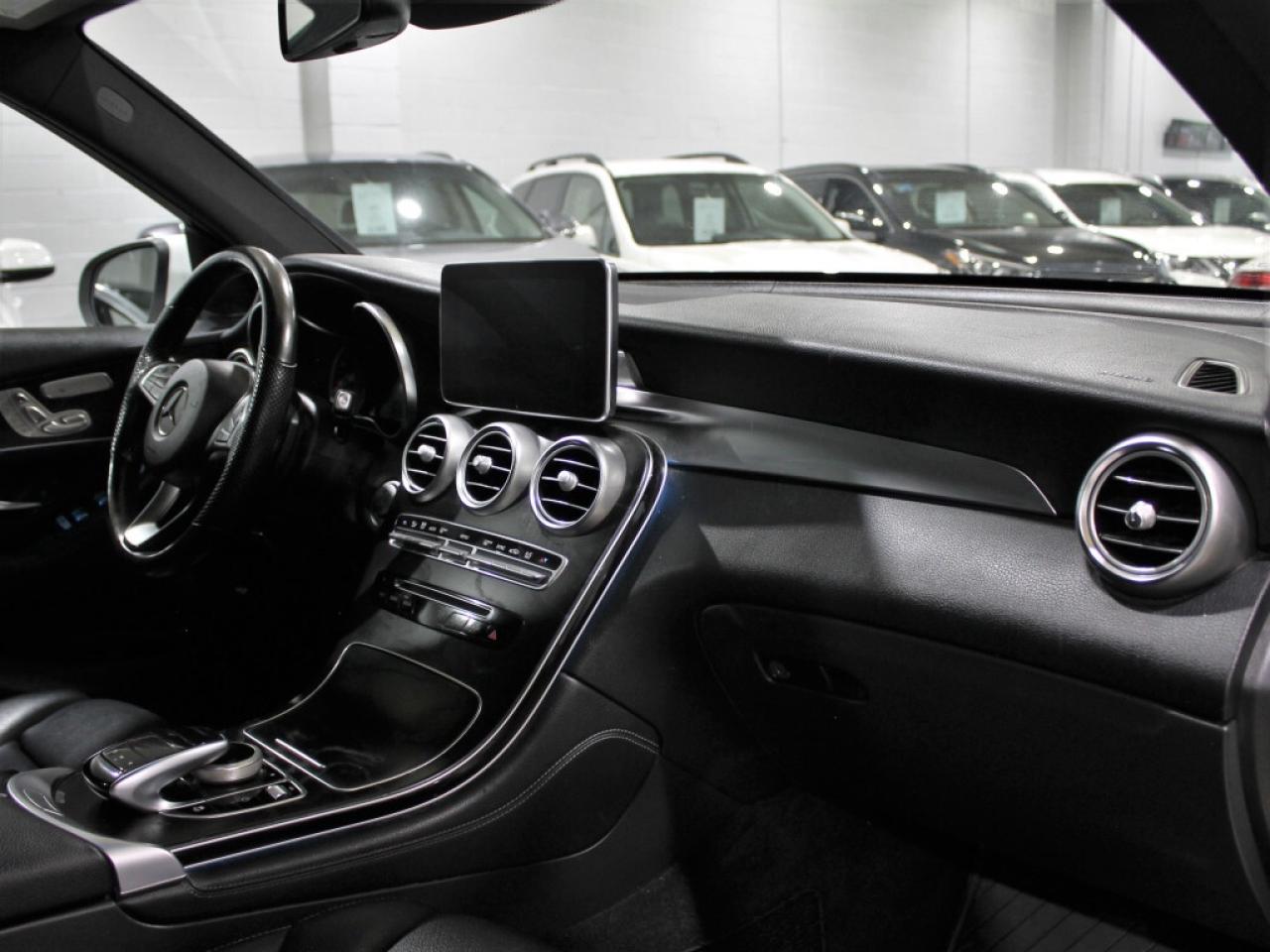 2019 Mercedes-Benz GLC300 NO Accident Panoramic Roof Navigation 360 Camera Photo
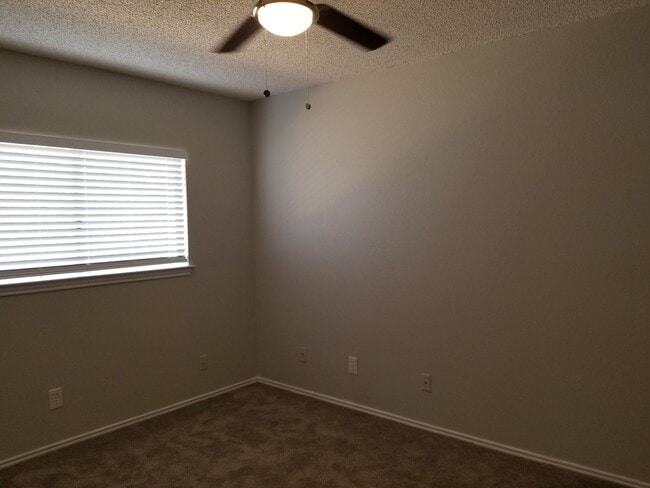 Building Photo - 9209-9209 Shadow Crest Dr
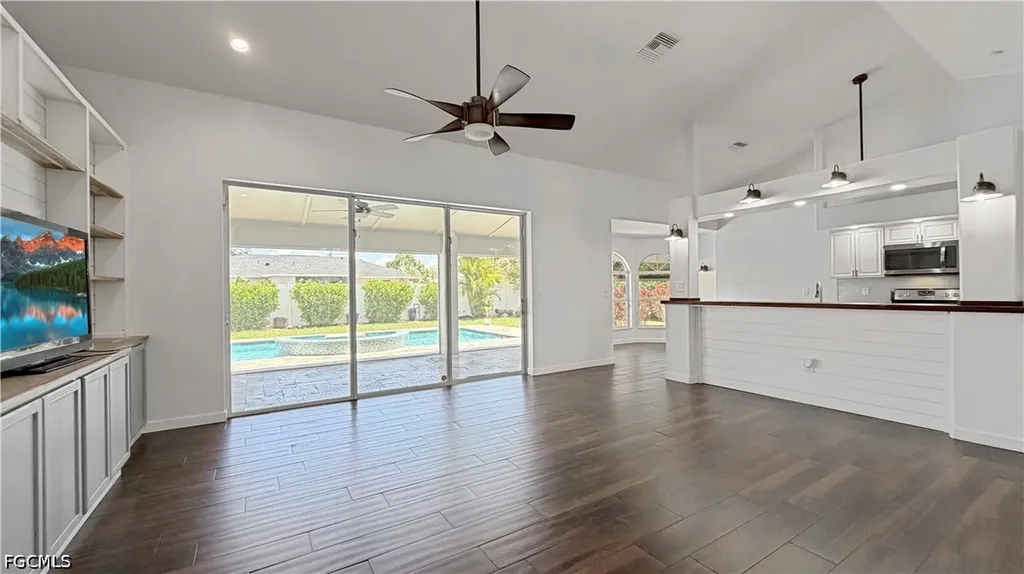 27 NE 20th Place Cape Coral FL 33909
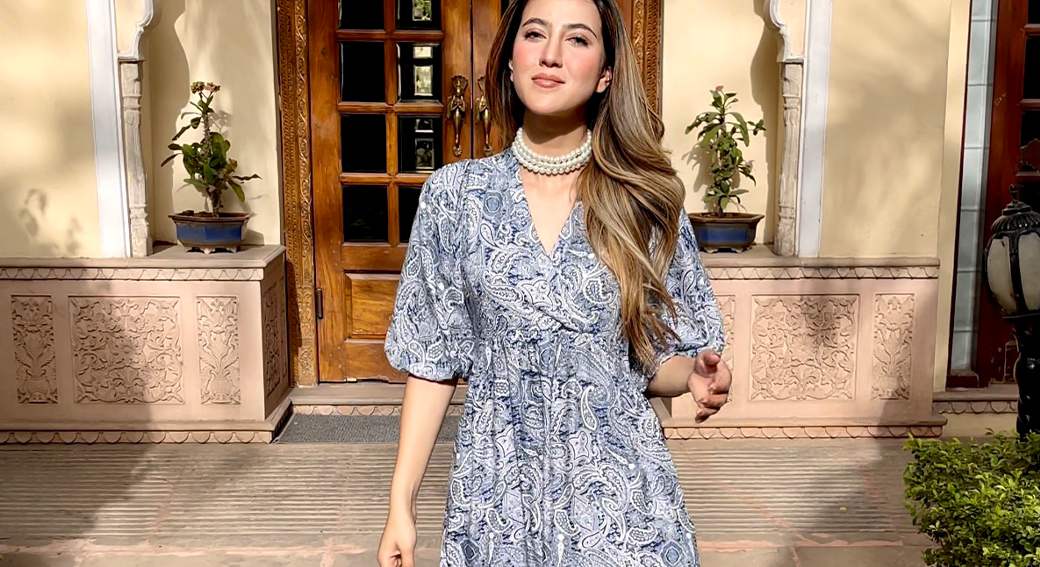 8 Useful Tips to Style Your Favorite Midi Dress To Up Your Fashion Game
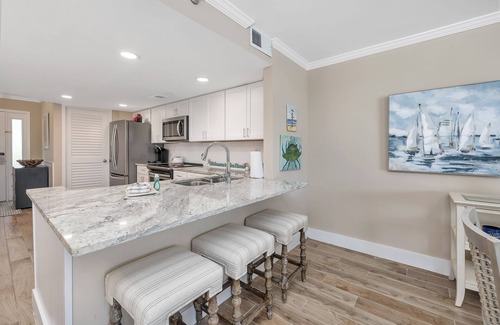 Saint Simons Island Condo | Completely renovated! Oceanfront Condo with Pool and Private Boardwalk to Beach with an oceanview!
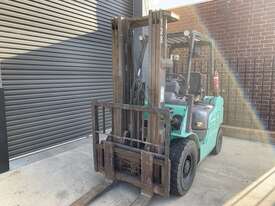 Mitsubishi Diesel Container Mast 2.5 ton - picture1' - Click to enlarge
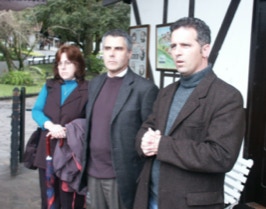 A.Bispo und Vertreter der Stadt Nova Petrópolis. Kolonialdorf Kongress Euro-Brasilianischer Studien 2002 Copyright ISMPS.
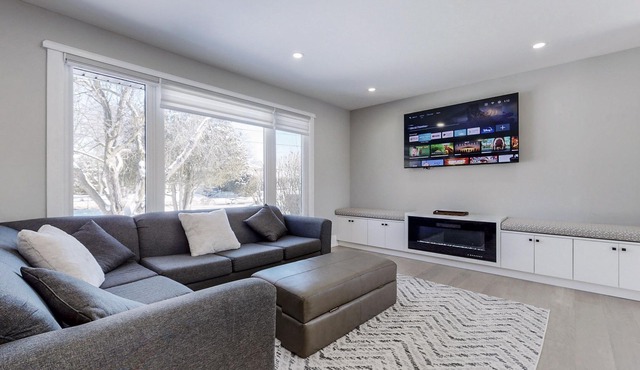 3Bedroom 3bath &Office, kids party, playground, onsite storage/opt, pet friendly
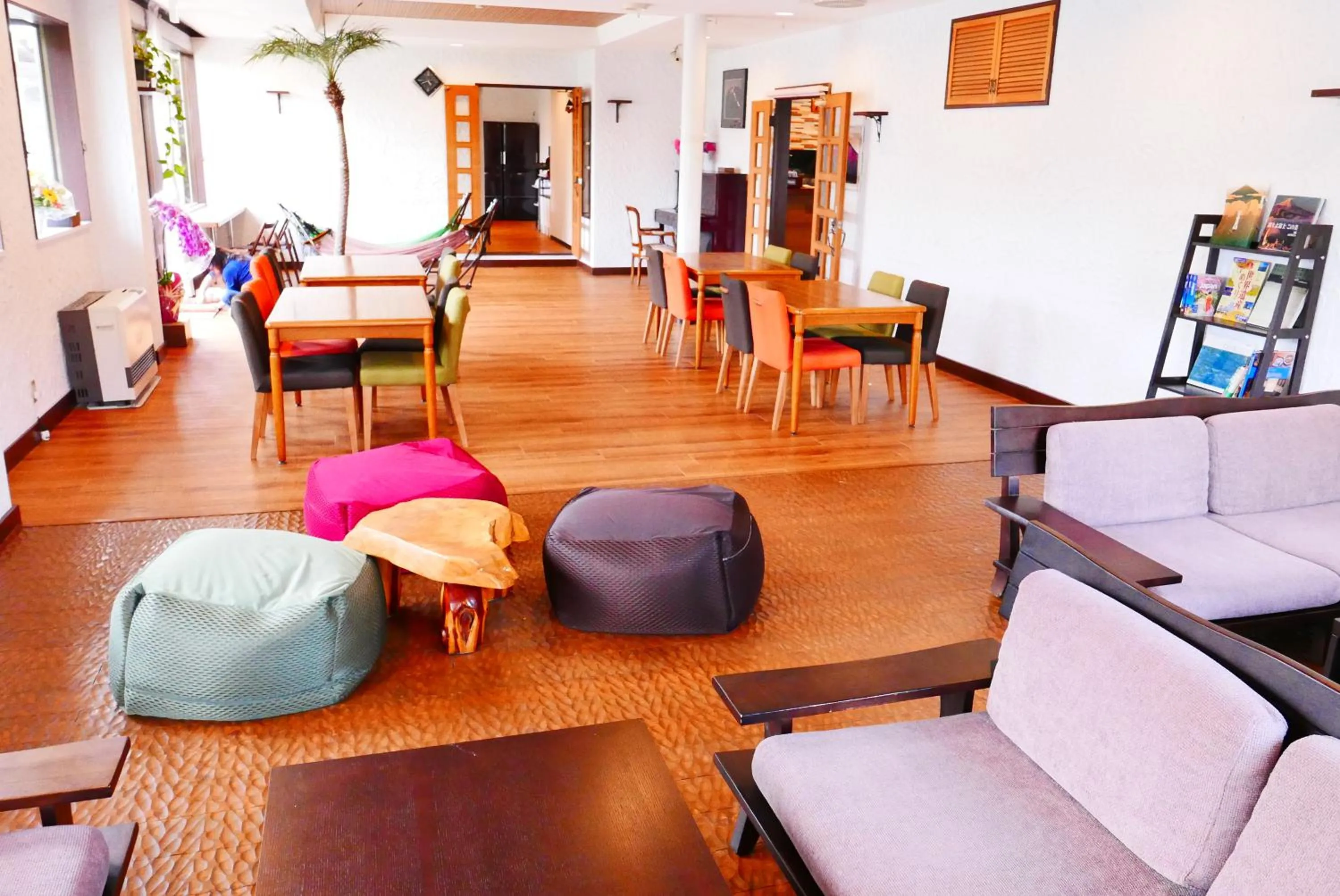 Communal lounge/ TV room in K's House Fuji View - Travelers Hostel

• Work item: Please print an exact copy of the records, with no pictures.

• Exercise solution:
 2019 Mercedes-Benz GLC300 NO Accident Panoramic Roof Navigation 360 Camera Photo
 Building Photo - 9209-9209 Shadow Crest Dr
 27 NE 20th Place Cape Coral FL 33909
 8 Useful Tips to Style Your Favorite Midi Dress To Up Your Fashion Game
 Saint Simons Island Condo | Completely renovated! Oceanfront Condo with Pool and Private Boardwalk to Beach with an oceanview!
 Mitsubishi Diesel Container Mast 2.5 ton - picture1' - Click to enlarge
 A.Bispo und Vertreter der Stadt Nova Petrópolis. Kolonialdorf Kongress Euro-Brasilianischer Studien 2002 Copyright ISMPS.
 3Bedroom 3bath &Office, kids party, playground, onsite storage/opt, pet friendly
 Communal lounge/ TV room in K's House Fuji View - Travelers Hostel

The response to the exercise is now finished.